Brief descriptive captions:
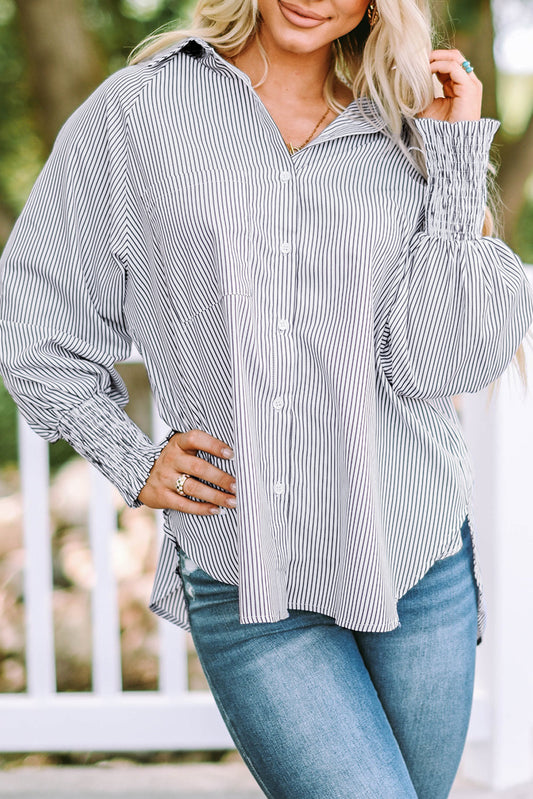 Stripe Smocked Button-Up Shirt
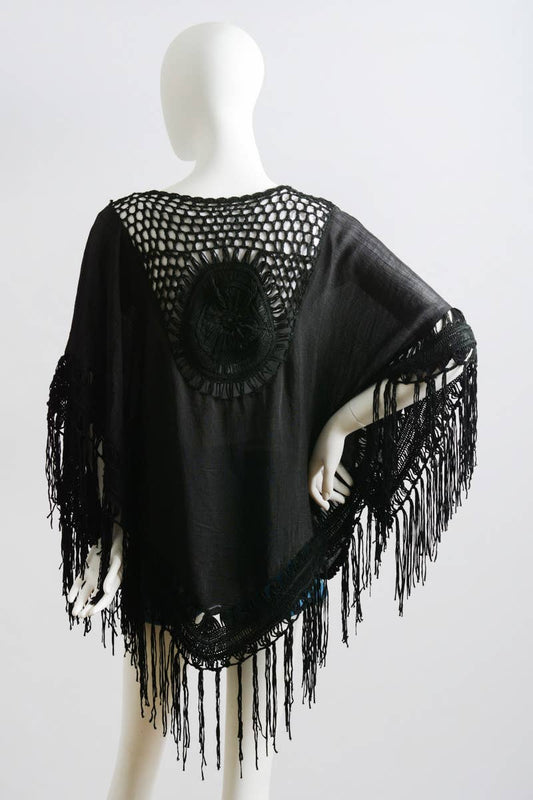 Fringe Tassel Kimono with Crochet Medallion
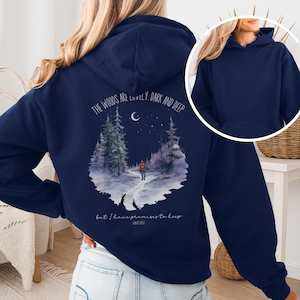 Sweatshirts: The Woods Are Lovely Robert Frost Hoodie – Winter Poetry Tee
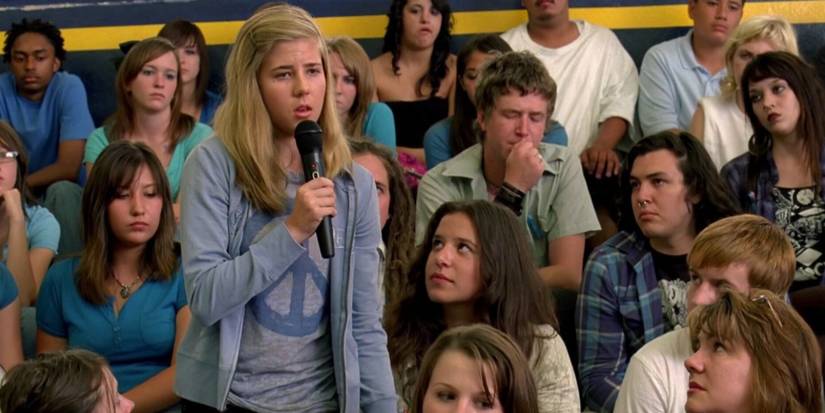 Bryan Cranston's daughter Taylor Dearden in Breaking Bad's school assembly scene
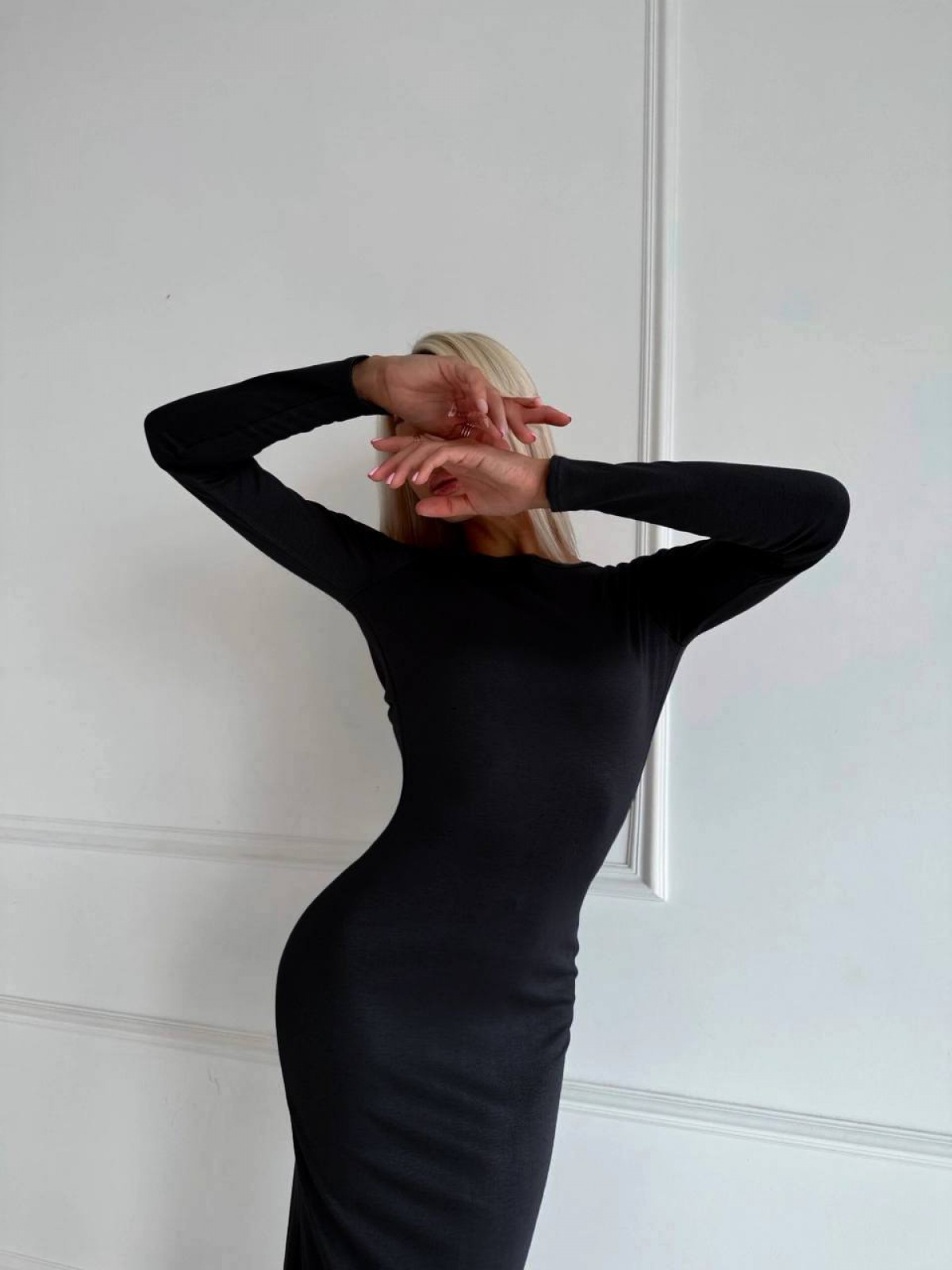 Жіноча максі сукня колір чорний р.42/44 454239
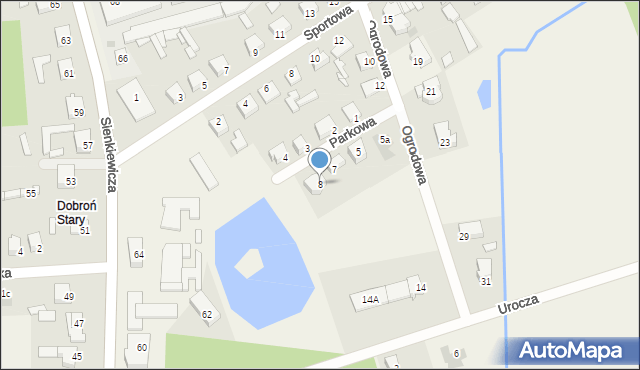 Dobroń, Parkowa, 8, mapa Dobroń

WORK TASK>
Please print exactly the lines from the line containing "Жіноча максі сукня" through the end of the records above, both included, leaving out every picture.

OUTPUT FOR THIS TASK>
 Жіноча максі сукня колір чорний р.42/44 454239
 Dobroń, Parkowa, 8, mapa Dobroń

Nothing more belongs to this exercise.